Sometimes it makes sense. But in other cases, this approach puts unnecessary stress on Capillaries daemons, which are asked to process nodes that are not ready yet. You can call it message pollution - the same message has to be retried again and again until the node it targets becomes ready for processing.

Let's see how bad this pollution can get and what we can do about it.

Single-run script: can Capillaries do better?

Consider this Portfolio integration test, where all nodes are handled in a single run:

The CPU load chart shows a pattern like this - some daemon instances are less loaded than their peers. Ideally, we would expect CPU load to be evenly distributed across all instances. This imbalance occurs when daemon instances, instead of performing actual data processing, spend time pulling messages from the queue only to discover that they have arrived too early and must be returned to the queue:

If you are new to Capillaries CPU load charts, start with the ARK portfolio performance calculation at (slightly bigger) scale blog post. It explains what the different sections of the chart represent: loading data, joins, Python calculations, and producing summaries.

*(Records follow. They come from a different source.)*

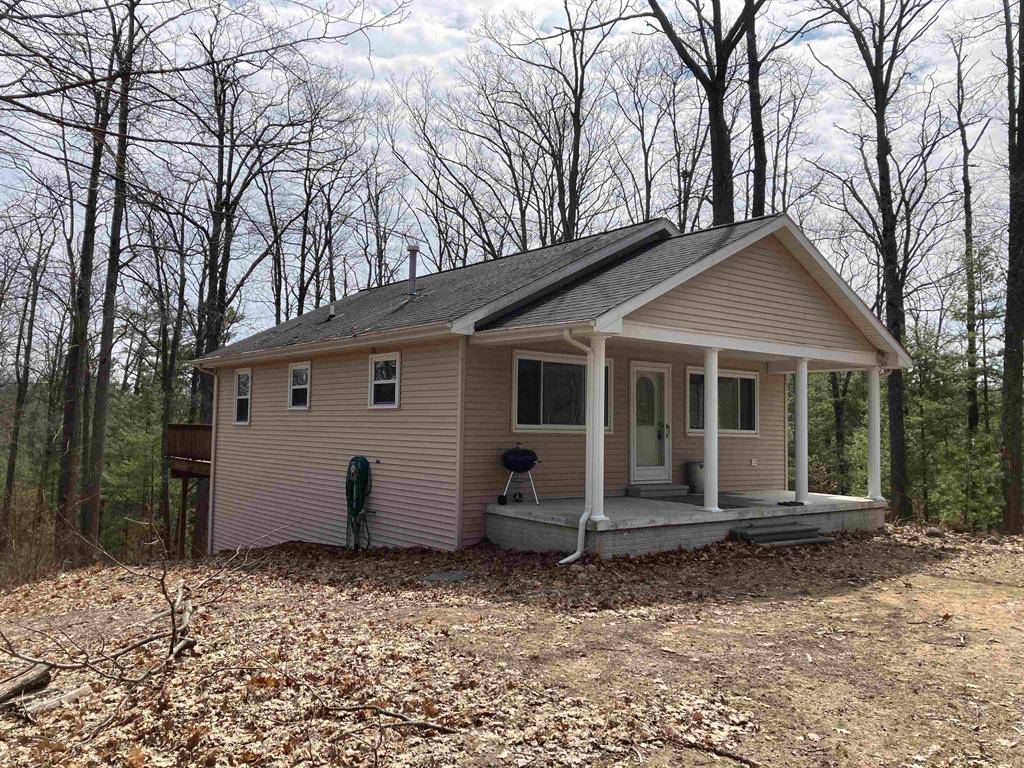 Rose Twp, MI 48654,5388 Elk Drive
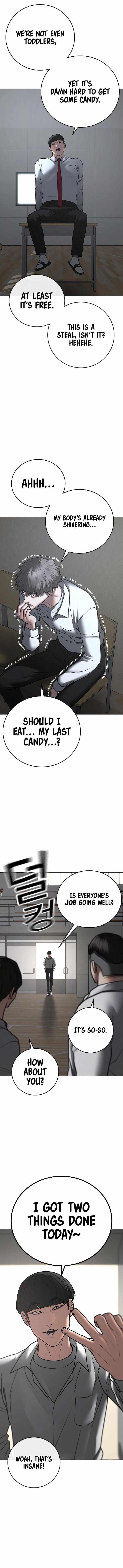Reality Quest Chapter 74 - Page 16 in English
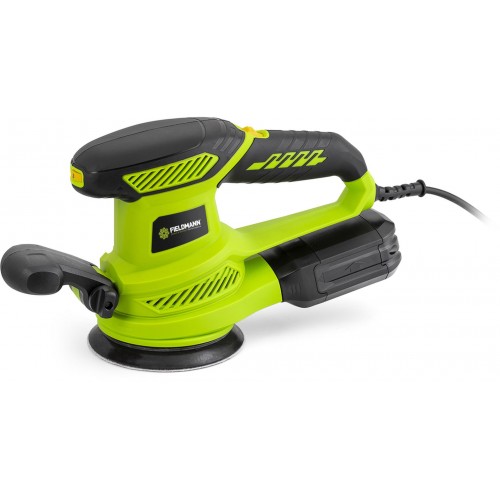FIELDMANN FDEB 200451-E Exzenterschleifmaschine 125 mm 50004915 FIELDMANN FDEB 200451-E Exzenterschleifmaschine 125 mm 50004915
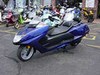 2006 Yamaha Morphous 250 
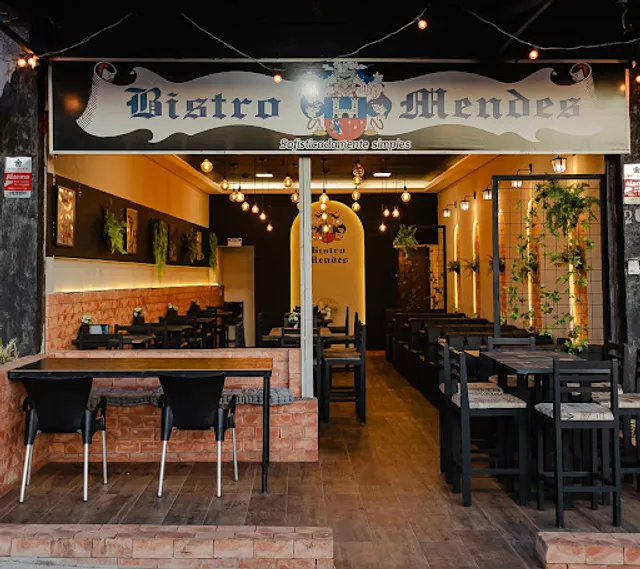 Bistrô Mendes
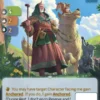 Eru, Emissary of the Wild (F) - Altered skybound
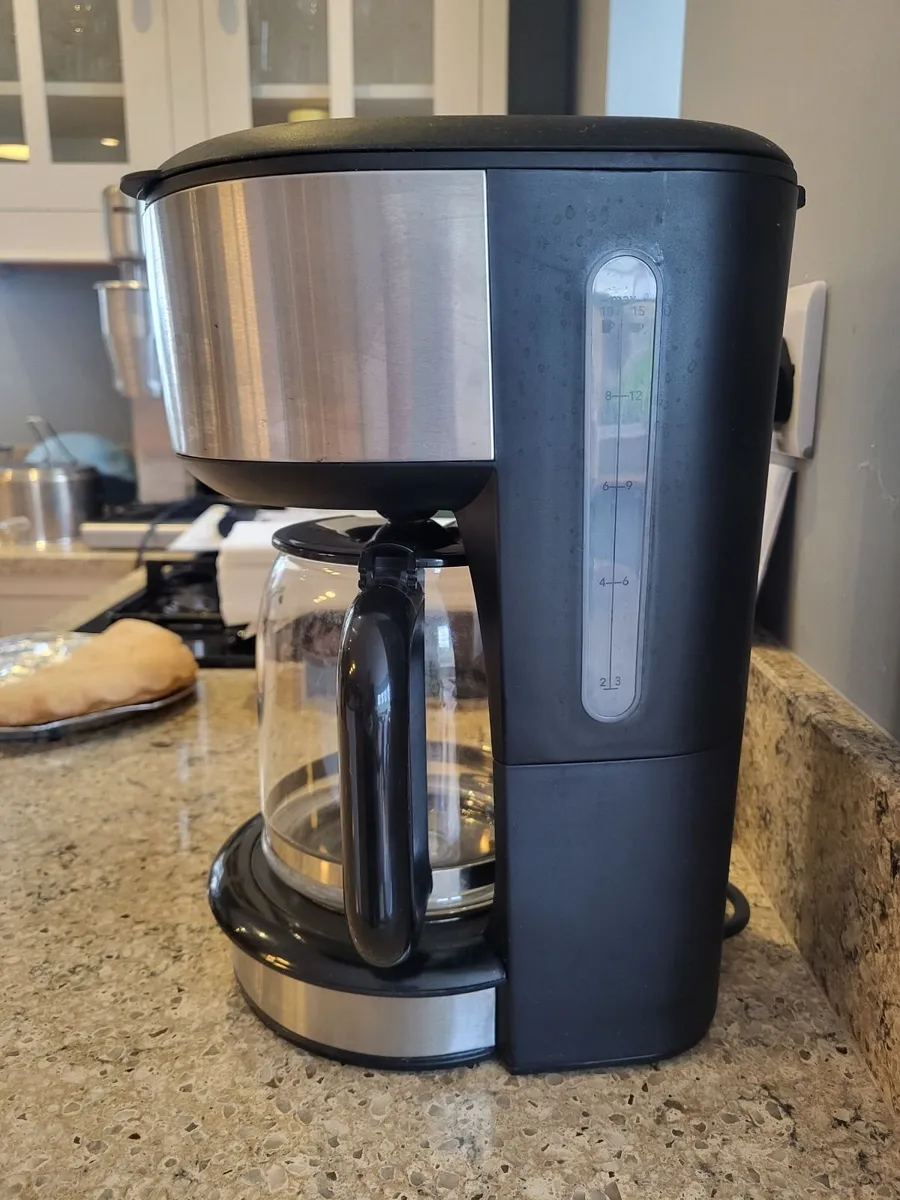 Filter coffee machine Russell Hobbs 20680 - Image 2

For reference, the Prometheus legend for the chart above is as follows: Cassandra instances have IP addresses ending in 11, 12, 13, and 14; Capillaries instances end in 101, 102, 103, and 104; localhost is the bastion instance.

The chart below shows that, at each processing stage (a colored layer in the diagram), daemon instances receive two kinds of messages from the queue:

Relevant messages that can be processed at the current stage (the sum of all batches for the layer, shown in the white arrow annotations).
Premature messages that target nodes which are not yet ready for processing (the combined totals from subsequent layers).

The red circles on the CPU chart above highlight places where 1,682 premature messages interfere with 1,051 relevant messages while Capillaries processes the "01_*"" nodes. Later, 122 premature messages interfere with 500 relevant messages as Capillaries finishes processing the "04_calc_account_period_perf" node.

The pattern is clear: one unlucky daemon instance pulls a long sequence of premature messages, spends time analyzing them and returning them to the queue, and only then receives the next relevant message. These premature messages create unnecessary overhead and slow down script execution.

Multi-run script is the answer

Let's split the script node layers into four separate runs:

The overall execution time is now 465 + 279 + 157 + 44 = 945 seconds, compared to 1,025 seconds before - a promising improvement. The CPU load is also perfectly uniform across all daemon instances:

And here is the new message breakdown: relevant versus premature messages:

There is no longer any evidence of premature messages interfering with relevant ones.

Why do we have premature messages in the first place?

Capillaries cannot rely on daemon instances to generate messages for the next processing stage because those instances can fail at any time. Creating all messages for a run in a single step (via the API call or Toolbelt) and letting the message queue handle retries is both simpler and more reliable than implementing a complex orchestration mechanism that manages the lifecycle of every message individually.

Consider this a design trade-off.

Can we tell the message queue to hold back premature messages?

With AMQP, no.

However, we can implement a custom message queue that is smarter than a generic AMQP broker. Capillaries includes an experimental message queue broker called CapiMQ.

CapiMQ understands the internal structure of Capillaries messages - a luxury that standard message brokers do not have. When a message is returned to the queue because its target node is not yet ready, CapiMQ moves all messages for that node to the end of the queue.

As of June 2026, CapiMQ is still an experimental component and is not production-ready.